Anualmente, o país recicla 1,5 bilhão de latas e garrafas – isso feito por uma população de cerca de 9,6 milhões de habitantes, segundo o censo mais recente. Cada cidadão sueco produz, em média, 461 quilos de lixo por ano, contra uma média de 525 quilos no restante da Europa. A comparação com o Brasil é assustadora. Só em São Paulo, são produzidas 20 mil toneladas de resíduos diárias, sendo 12 mil delas vindas das casas da população.

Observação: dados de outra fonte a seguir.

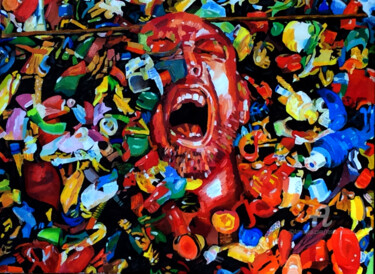 Malerei mit dem Titel "Drowning in own gar…" von Rosita Allinckx, Original-Kunstwerk, Öl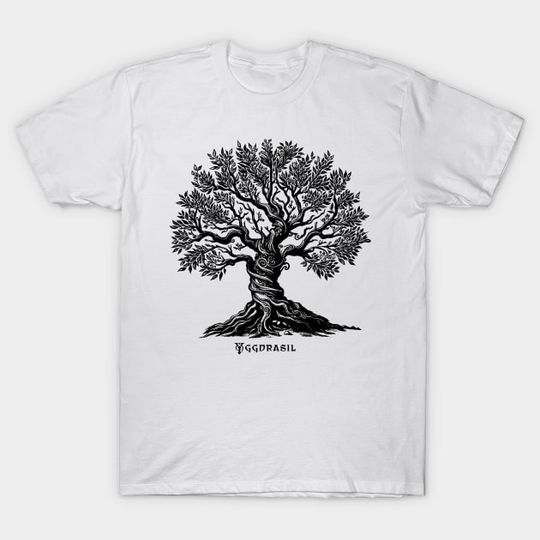 Discover Vintage Yggdrasil - Norse Mythology Art - Tree of Life Illustration - Yggdrasil - T-Shirt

Os supermercados da Suécia são preparados para auxiliar os moradores a reciclarem itens comprados ali,como garrafas PETs, latinhas e longnecks. Todas essas embalagens trazem um código de barras que indica determinado valor. Quando a pessoa leva esse recipiente, limpo, de volta ao mercado, recebe o valor de volta. Nos estabelecimentos existem máquinas que executam essa função – elas são automáticas e permitem que o cliente escolha se quer receber esse valor em dinheiro, se prefere um vale-compras para gastar no próprio local ou, ainda, se deseja doar esse valor para a caridade.